By Jamey Dunn
Gov. Pat Quinn’s proposed budget counts on a move to decouple state tax code from a federal plan to spur businesses to spend more on equipment. Illinois could stand to lose more than $1 billion if it stays in step with the feds on the tax benefit for businesses, according to a study released today.
The federal provision is part of a compromise between President Barack Obama and Republican members of Congress to extend income tax cuts enacted by President George W. Bush. The provision allows businesses to deduct the entire costs of spending on items such as machinery and equipment from September 8, 2010, to December 31, 2011, all at once on their federal tax returns. Without the benefit, companies would have to spread those tax deductions over several years, a practice known as “depreciating.”
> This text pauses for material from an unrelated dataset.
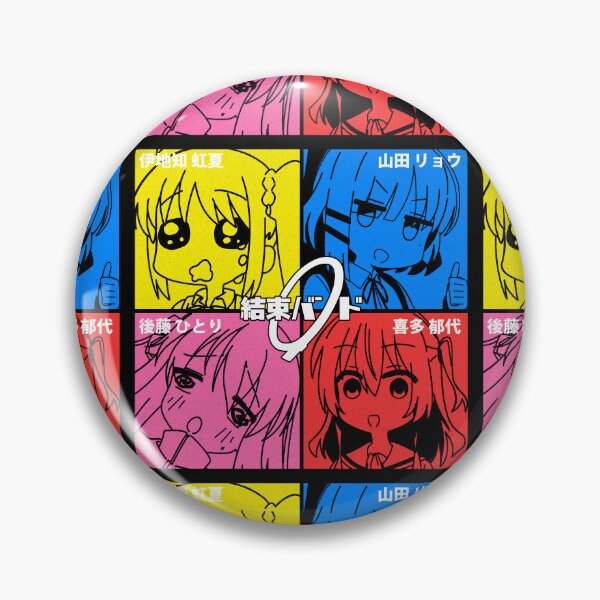 Item preview, Kessoku Band with Funny Expressions designed and sold by UDTee.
Under the compromise, businesses can then deduct half of the cost of spending for those items during calendar year 2012 and spread out the remaining cost over the usual “depreciation” schedule.
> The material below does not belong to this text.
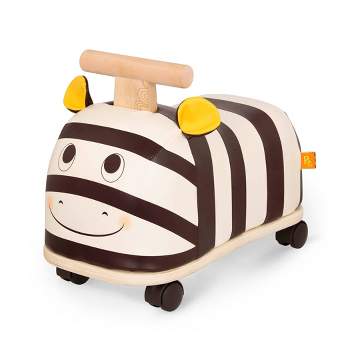 B. toys Wooden Zebra Ride-On - Zippity Zebra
The federal provision is an extension and expansion of a plan approved in 2008 that was scheduled to sunset in 2010. Because Illinois' income tax code falls in line with federal code, businesses also would be able to take similar deductions on their state tax returns during the same time frame.
A study from the Washington-D.C.-based Center on Budget and Policy Priorities took a look at how much revenue states could miss out on due to the tax break at a time when many are facing deficits. The group estimates 19 states — including Illinois — that link their practices to federal tax provisions would lose a total of $5.3 billion under the extended plan. According to the center’s projections, Illinois could potentially lose the most, with an estimated hit of more than $1 billion. A spokesperson for Quinn’s budget office estimates the state would lose between $50 million to $100 million in fiscal year 2011 and $520 million to $615 in fiscal year 2012. Kraft said there would be a loss in fiscal year 2013 as well, but the office does not have estimates on it yet. She added that Quinn’s administration is drafting legislation to split the state from the federal practices on the issue.
Mark Denzler, vice president of government affairs for the Illinois Manufacturers Association, said the center’s revenue estimates are inflated. “It would be nowhere close to that.” He said the temporary change to the way businesses deduct capital spending was put in place after the terrorist attacks on September 11, 2001, to help spur the sluggish economy by encouraging businesses to expand their operations. Denzler said Obama extended the measure because he realizes how important it is in the current economic downturn, and states should recognize that, too. “We would just be continuing the current practice of what Illinois has been doing for almost a decade now,” Denzler said. He added that states would not lose money in the long run because companies would still be able to write off the purchases on their taxes without the change. However, the tax benefits to businesses, and the cost to the state, would be spread over several years if the state did not go along with the feds.
Nicholas Johnson, who co-authored the study for the center, said most federal lawmakers probably didn’t consider the impact on states when they extended the change. He added that they likely had “no expectations” that the states would do it, too.
On the day of the budget address, House Speaker Michael Madigan took issue with Quinn estimating revenue in his budget proposal based on the assumption that the legislature would pass a bill to end the accelerated tax bonus in Illinois. Madigan spokesman Steve Brown said Quinn’s move went against recently enacted proposals to reform the budgeting process in Illinois, including requiring budgets to be based on the revenue available at the time they are created. “On day one [of the budgeting process], we were not off to a good start,” Brown said.